Iran’s Foreign Minister Abbas Araghchi said on Thursday that none of the country’s nuclear facilities will be dismantled, dismissing President Trump's warnings that the alternative to a deal could be "horrible" for Iran.
“Why do they negotiate? Because they are not able to impose their will through military means,” Araghchi told reporters in Tehran on Thursday.
He suggested that Iran’s participation in talks with the United States is not a sign of weakness, but rather a reflection of its deterrent power.
“In fact, it is our defensive capabilities—the missiles of the Islamic Republic—that give strength and power to the negotiator to sit at the table, and it is these that cause the other side to give up and lose hope in a military attack,” he added.
He also repeated Tehran's position that no uranium enrichment facility would be dismantled as part of a deal.
Iran’s Islamic Revolutionary Guard Corps (IRGC) chief said US President Donald Trump is an enemy of the Iranian people, accusing him of blocking access to medicine and ordering the killing of IRGC General Qassem Soleimani in 2020.
“The Iranian people know their friends and enemies well, and you are at the center of their hostility … Trump has sanctioned the Iranian people and is trying to block medicine from reaching the sick in this land,” Hossein Salami said in a speech on Thursday. “The Iranian people consider you the murderer of their most beloved and greatest national hero, Lieutenant General Qassem Soleimani.”
“Mr. President, a few years ago you called the Iranian people terrorists and said Iran was a terrorist nation. How is it now that you portray yourself as a friend of this people?” he added. “Think carefully about what image of yourself exists in the minds of Iranians.”

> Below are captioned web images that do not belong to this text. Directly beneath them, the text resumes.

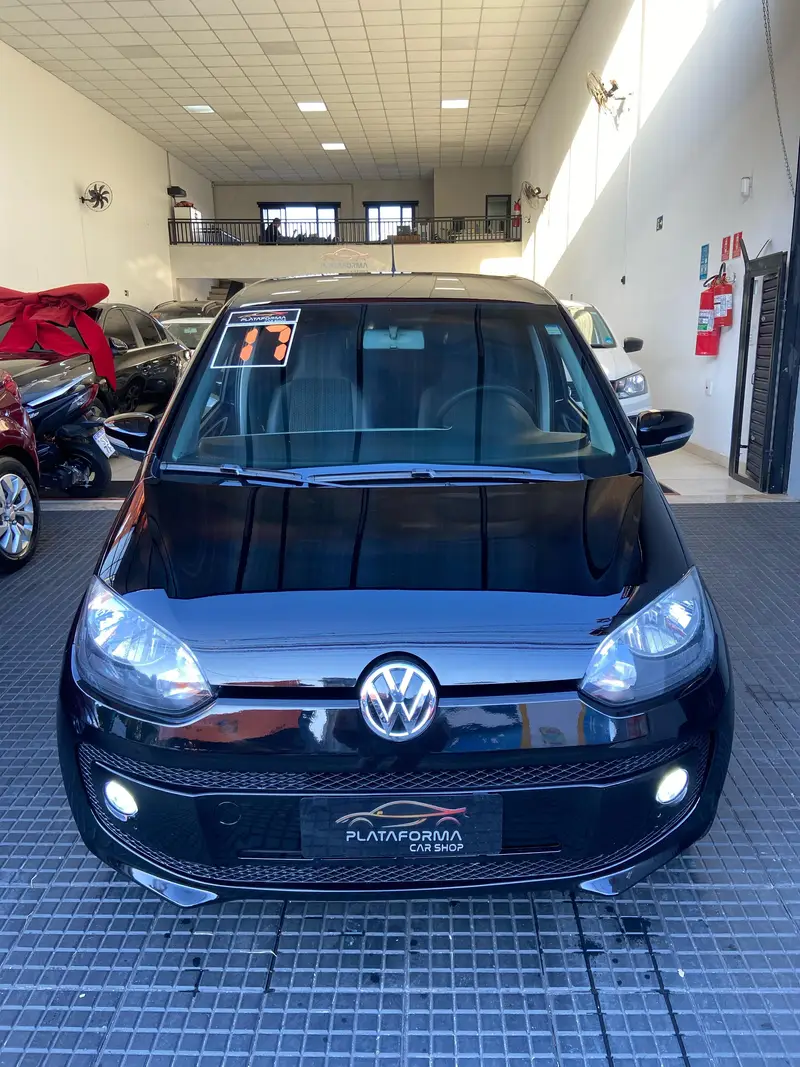 Volkswagen Up! 1.0 12v E-Flex move up!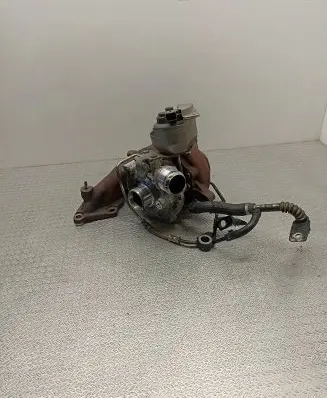 Peugeot Boxer Turbo 9812386080 53039700521 710118561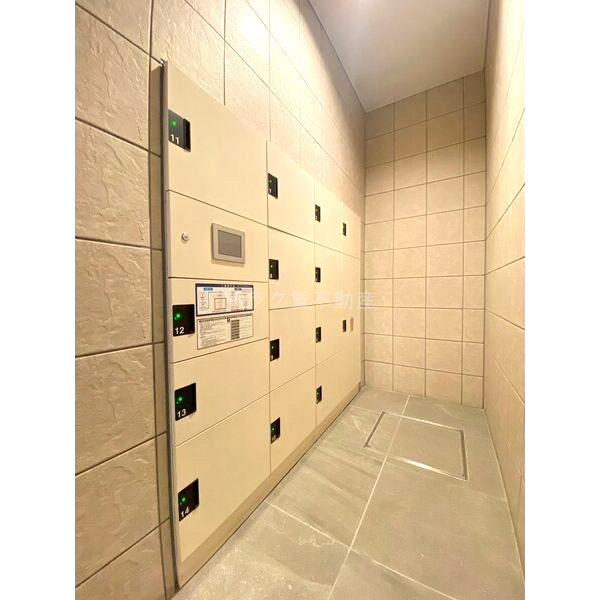 セノアタワー新大阪の外観8枚目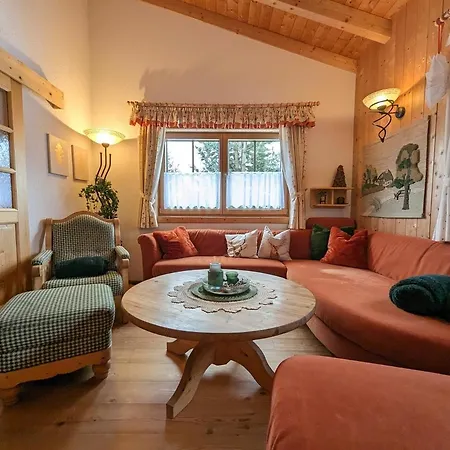 Gemuetliches Almhaus Auf 1800m Mit Sauna, Kamin Und Bergpanorama Feriehus *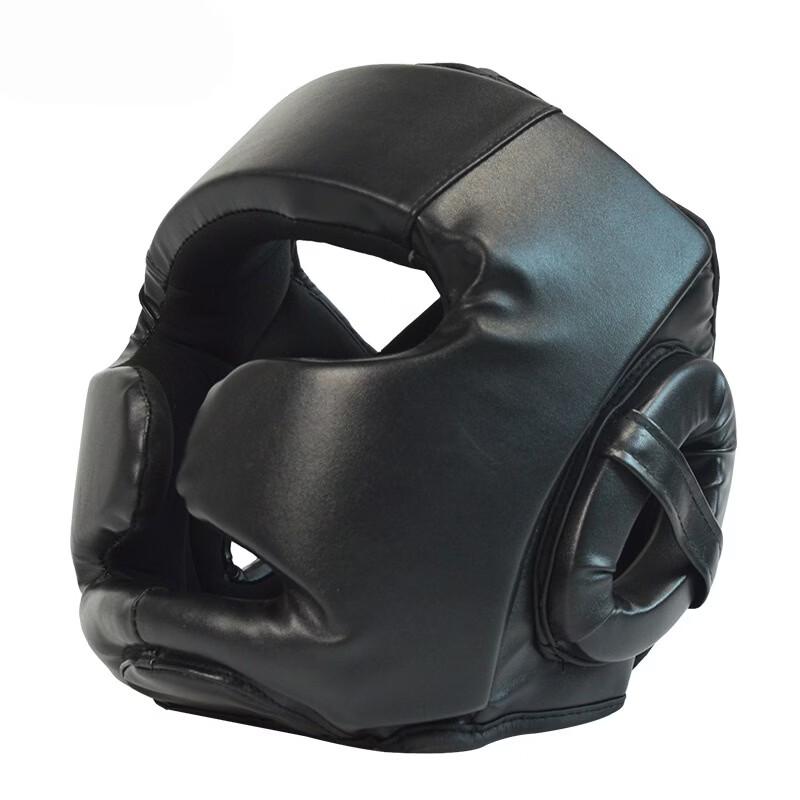 TLXT Boxing Monkey Face Head Guard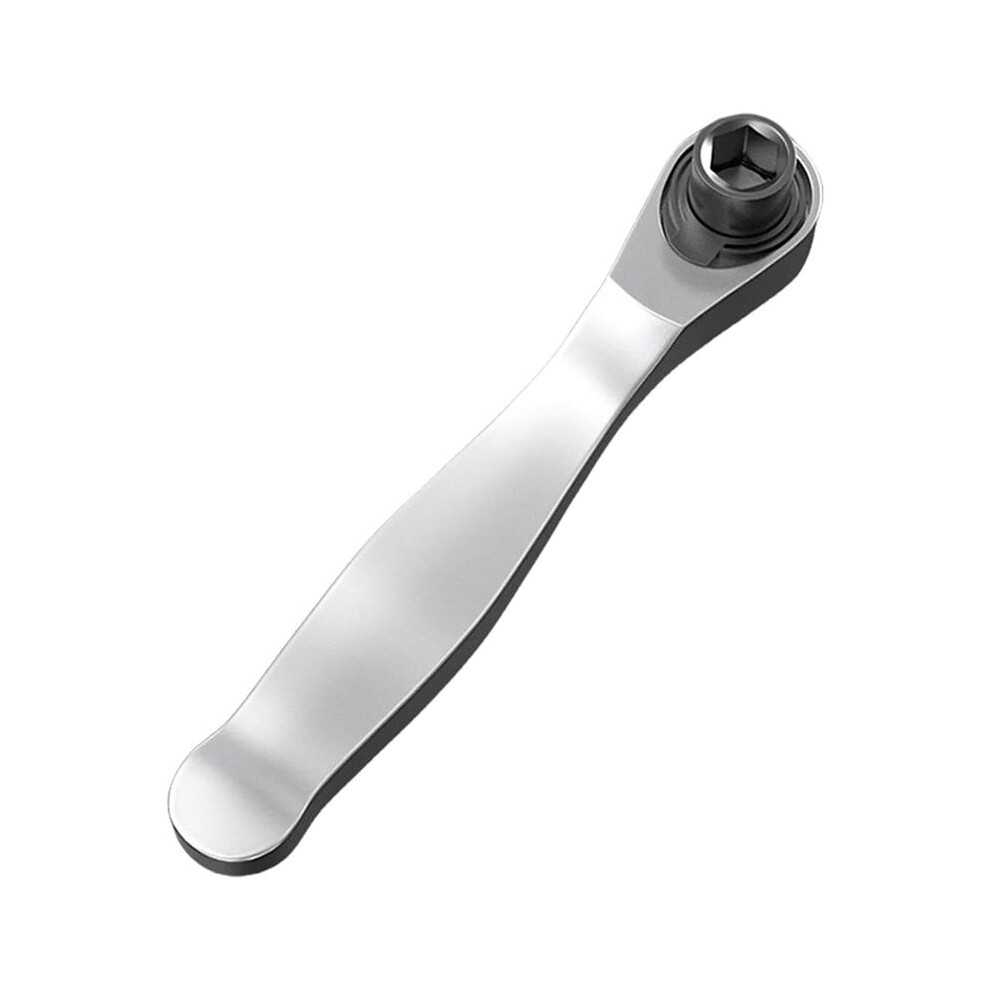 Pocket Screwdriver - Right Angle Screwdriver Right Angle Offset Reversible Drive Handle Household Wrench Cool Gadgets 6134130633556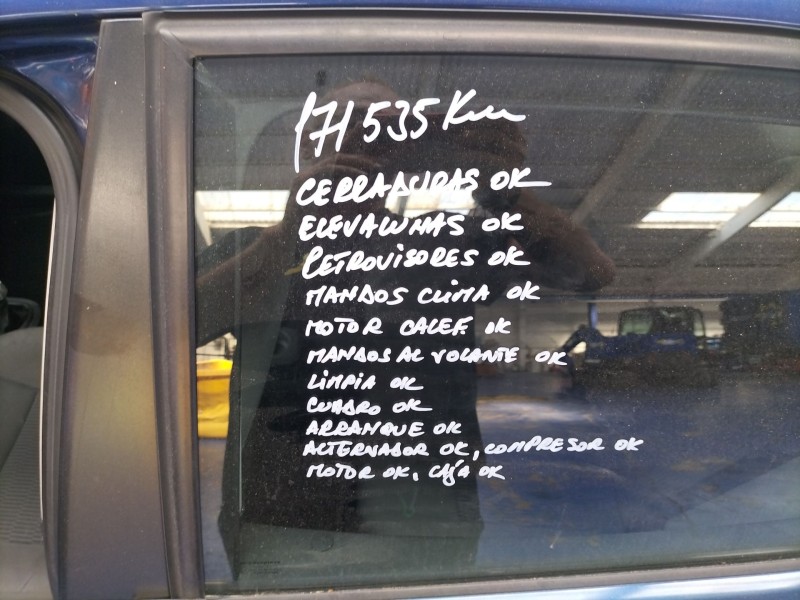 seat cordoba berlina (6l2) del año 2003 seat cordoba berlina (6l2) del año 2003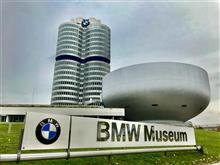 BMW博物館へ行ってきました😁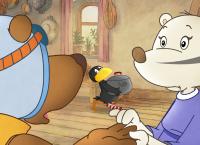 Der kleine Rabe Socke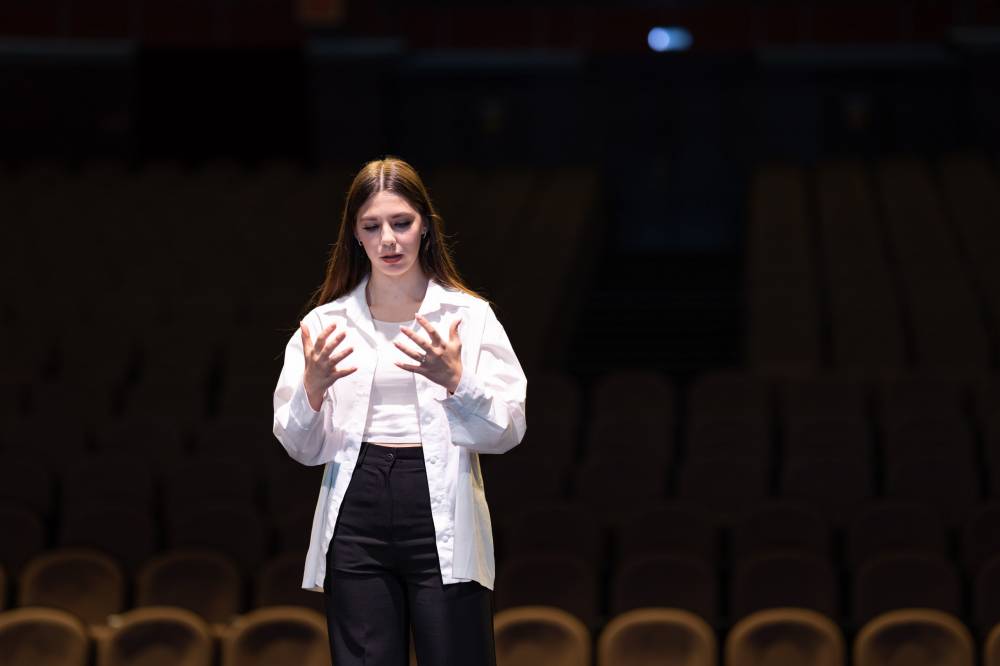 ​Абитуриенты Прикамья могут принять участие в онлайн-  отборе в ГИТИС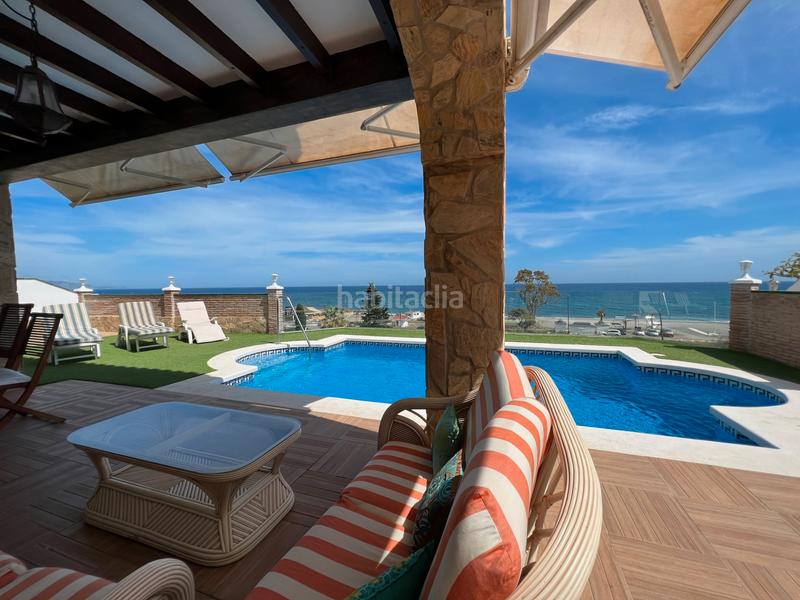 Foto a39c387e-02b9-4acb-b98d-279e4f1fa9aa. Chalet mit heizung pool in El Peñoncillo Torrox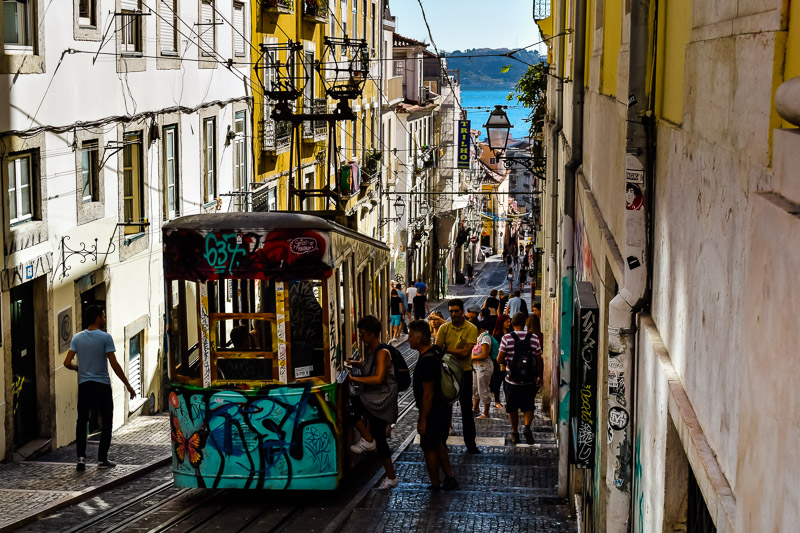 100 Things to Do in Lisbon Portugal, a Bucket List City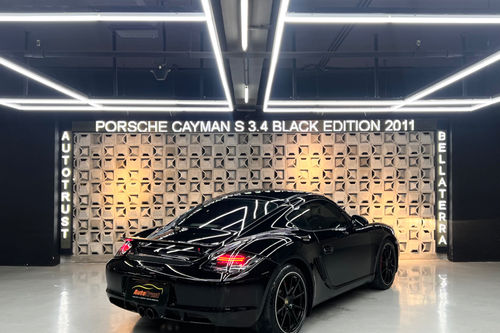 2011 Porsche Cayman Cayman Sport 3.4L AT bekas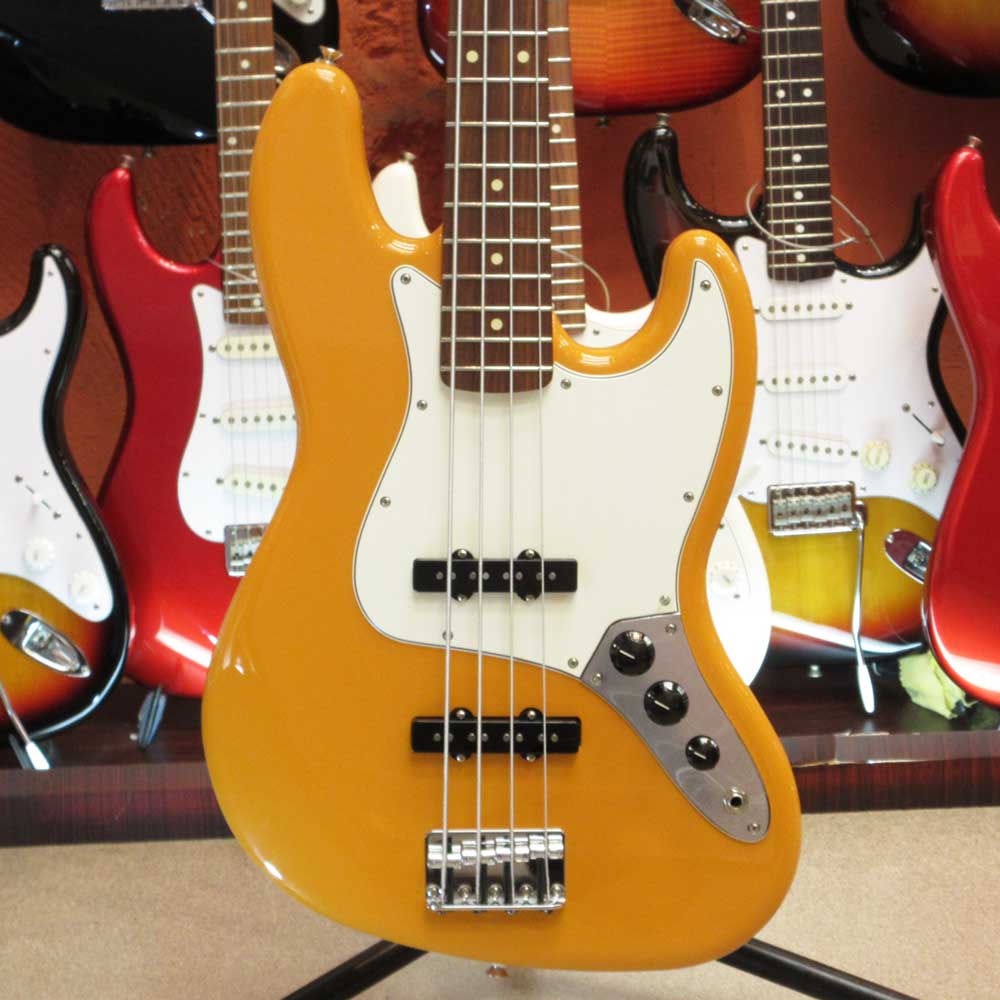 Player Jazz Bass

Former Iranian vice president Eshaq Jahangiri said he felt ashamed when US President Donald Trump gave what he described as a false portrayal of Iran during a visit to Saudi Arabia.
“I suffered, I was ashamed when the president of the United States, in Saudi Arabia, gave a false description of Iran, saying that Iran doesn’t have water or electricity,” Jahangiri said in a speech on Thursday.
Speaking before Crown Prince Mohammed bin Salman and other top Saudi and US officials, President Donald Trump spent much of a lengthy speech on Tuesday criticizing Iran while urging a deal over its disputed nuclear program.
The US Treasury Department on Thursday sanctioned two senior Hezbollah officials and two financial facilitators in Iran and Lebanon for coordinating overseas funding for the group.
The individuals, identified as Mu’in Daqiq Al-‘Amili, Jihad Alami, Fadi Nehme and Hasan Abdallah Ni’mah, are accused of helping move large sums of money, including funds from Iran to Gaza following Hamas' October 7 attack.
“These actions underscore Hezbollah’s global financial reach, particularly through Tehran,” said Deputy Treasury Secretary Michael Faulkender.
“As part of our ongoing efforts to address Iran’s support for terrorism, Treasury will continue to intensify economic pressure on the key individuals in the Iranian regime and its proxies who enable these deadly activities,” he added.